Estremeci com as suas palavras. Não sabia. E Ninguém devia passar por isso. Ele começou a soluçar e eu envolvi-o instintivamente com os meus braços, protegendo-o. Dei-lhe um beijo leve na cabeça e sussurrei-lhe que tudo ia ficar bem, que eu estaria sempre ali para o apoiar. No entanto, não conseguia deixar de pensar no que estaria Jack a fazer naquele momento. Um telemóvel tocou. Era o de Dante. Ele olhou para o número e pediu-me à pressa para atender, pois era o padrasto dele e não queria que percebesse que Dante estivera a chorar.
- Estou! - Cumprimentei, no tom mais alegre que pude.

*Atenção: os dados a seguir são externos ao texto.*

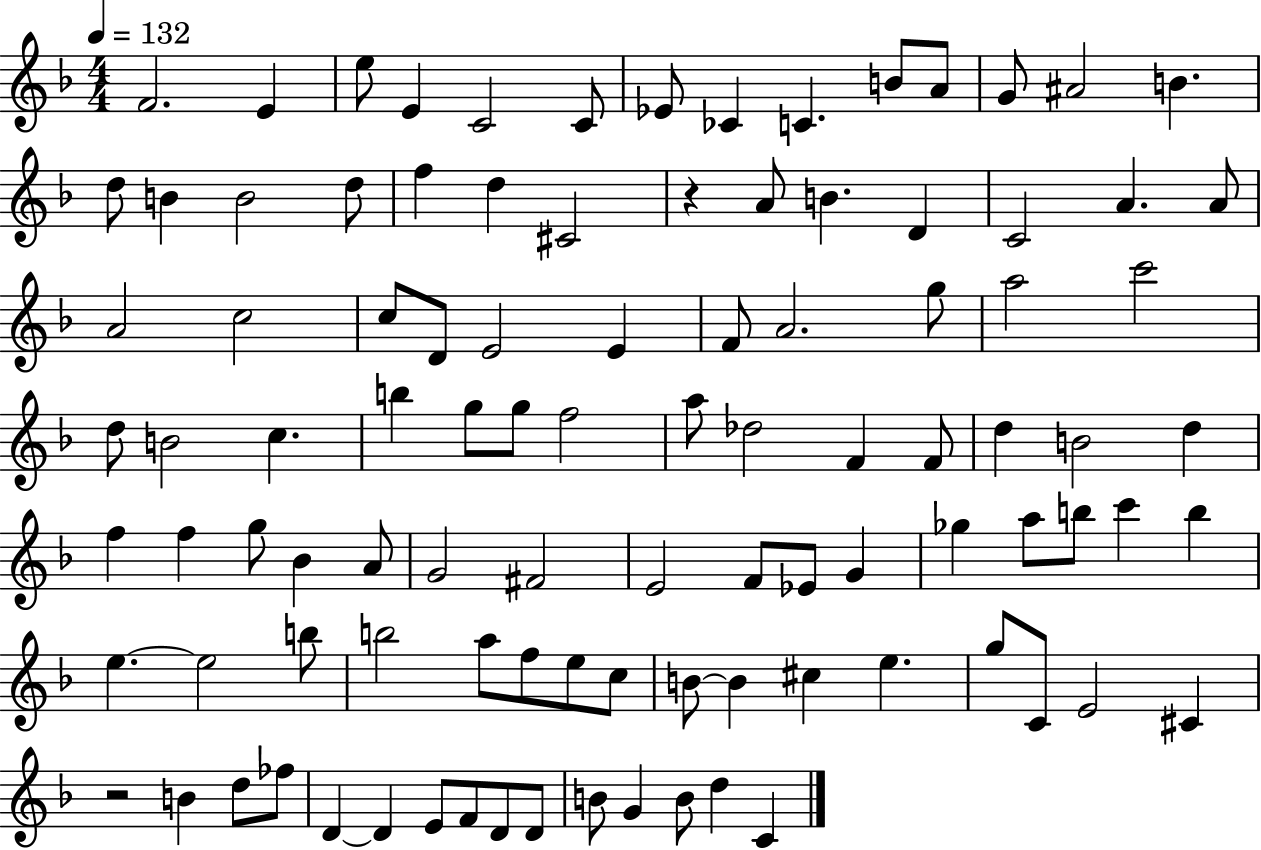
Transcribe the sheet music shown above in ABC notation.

X:1
T:Untitled
M:4/4
L:1/4
K:F
F2 E e/2 E C2 C/2 _E/2 _C C B/2 A/2 G/2 ^A2 B d/2 B B2 d/2 f d ^C2 z A/2 B D C2 A A/2 A2 c2 c/2 D/2 E2 E F/2 A2 g/2 a2 c'2 d/2 B2 c b g/2 g/2 f2 a/2 _d2 F F/2 d B2 d f f g/2 _B A/2 G2 ^F2 E2 F/2 _E/2 G _g a/2 b/2 c' b e e2 b/2 b2 a/2 f/2 e/2 c/2 B/2 B ^c e g/2 C/2 E2 ^C z2 B d/2 _f/2 D D E/2 F/2 D/2 D/2 B/2 G B/2 d C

- Estou, Dante? Não, tu deves ser o...
- Kyle, sim. O Dante... foi à água, mas eu posso passar-lhe o recado, se quiser... - disse, fazendo o meu namorado sorrir com a minha desculpa inventada à pressa.
- O quê? Mas vocês estão em alto mar e vão à água a estas horas?!

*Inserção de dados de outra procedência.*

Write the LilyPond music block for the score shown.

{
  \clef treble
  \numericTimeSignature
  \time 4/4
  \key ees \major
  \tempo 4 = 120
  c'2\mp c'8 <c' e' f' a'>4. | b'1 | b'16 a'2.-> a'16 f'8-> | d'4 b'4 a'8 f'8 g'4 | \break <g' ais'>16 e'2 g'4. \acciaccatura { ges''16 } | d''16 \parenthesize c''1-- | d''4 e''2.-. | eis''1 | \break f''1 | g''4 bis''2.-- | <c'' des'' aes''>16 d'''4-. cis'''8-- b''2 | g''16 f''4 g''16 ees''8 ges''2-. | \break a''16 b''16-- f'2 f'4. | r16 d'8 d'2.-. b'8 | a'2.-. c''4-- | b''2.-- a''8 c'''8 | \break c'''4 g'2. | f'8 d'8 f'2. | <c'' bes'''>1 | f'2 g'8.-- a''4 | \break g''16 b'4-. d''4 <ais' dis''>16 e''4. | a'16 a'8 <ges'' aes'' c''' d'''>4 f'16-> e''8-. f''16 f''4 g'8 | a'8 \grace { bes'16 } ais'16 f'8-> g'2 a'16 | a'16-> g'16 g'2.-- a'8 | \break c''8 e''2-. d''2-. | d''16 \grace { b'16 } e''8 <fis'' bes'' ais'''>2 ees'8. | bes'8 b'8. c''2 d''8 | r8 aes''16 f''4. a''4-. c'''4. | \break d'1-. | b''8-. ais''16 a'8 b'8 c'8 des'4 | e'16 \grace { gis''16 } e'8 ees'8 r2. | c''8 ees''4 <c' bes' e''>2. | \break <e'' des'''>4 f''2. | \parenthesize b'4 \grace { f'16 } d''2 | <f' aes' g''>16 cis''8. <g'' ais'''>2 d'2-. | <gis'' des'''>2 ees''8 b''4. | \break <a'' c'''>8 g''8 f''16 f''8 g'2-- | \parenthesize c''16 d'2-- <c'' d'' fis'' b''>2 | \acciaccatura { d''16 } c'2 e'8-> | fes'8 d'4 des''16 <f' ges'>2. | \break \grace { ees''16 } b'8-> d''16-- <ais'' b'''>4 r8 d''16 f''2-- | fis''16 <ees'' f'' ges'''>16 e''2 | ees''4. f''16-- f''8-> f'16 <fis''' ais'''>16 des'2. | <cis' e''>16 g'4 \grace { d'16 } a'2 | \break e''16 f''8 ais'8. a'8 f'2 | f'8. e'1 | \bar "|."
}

Olhei para Dante, encolhendo os ombros.
- Alto mar, como assim? - respondi, sentindo o meu sorriso morrer lentamente.
- Vocês não estão no Iate?
- Nenhum de nós tem as chaves do barco, como poderíamos estar no iate?
- Mas as chaves estavam aqui em casa, no chaveiro e agora não estão! - Exclamou o padrasto dele.
- Bem, o Dante não tem as chaves do barco...
- Então quem raios levou as chaves?!
Eu revirei os olhos e encolhi os ombros, transmitindo a mensagem a Dante, que as chaves tinham desaparecido. Ele ficou pensativo e, de repente, os seus olhos abriram-se numa expressão de medo e pânico que eu apenas vira uma vez: quando Dante se tinha apercebido que estava a nadar nas mesmas águas que um tubarão-branco, semanas antes, poucas horas antes de eu quase ter sido morto pelo animal.
- Que se passa? - Interroguei, quando ele se levantou repentinamente.
- A única pessoa que esteve em casa para além de mim foi o Jack. Eu lembro-me de ter aberto a porta e ter visto as chaves no chaveiro, mas quando saí para vir ter contigo, as chaves do barco já lá não estavam. Pensei que tivesse sido o meu padrasto a tirá-las, mas pelos vistos não foi... - Contou, rapidamente, enquanto corria pela praia fora, em direcção ao cais.
Lembrei-me que ainda estava ao telemóvel, e que do outro lado da linha estava um homem preocupado em saber o que se estava a passar.
- Emergência. Caso de vida ou de morte, por amor aos deuses chame a guarda-costeira! - resumi, desligando o aparelho e correndo atrás de Dante.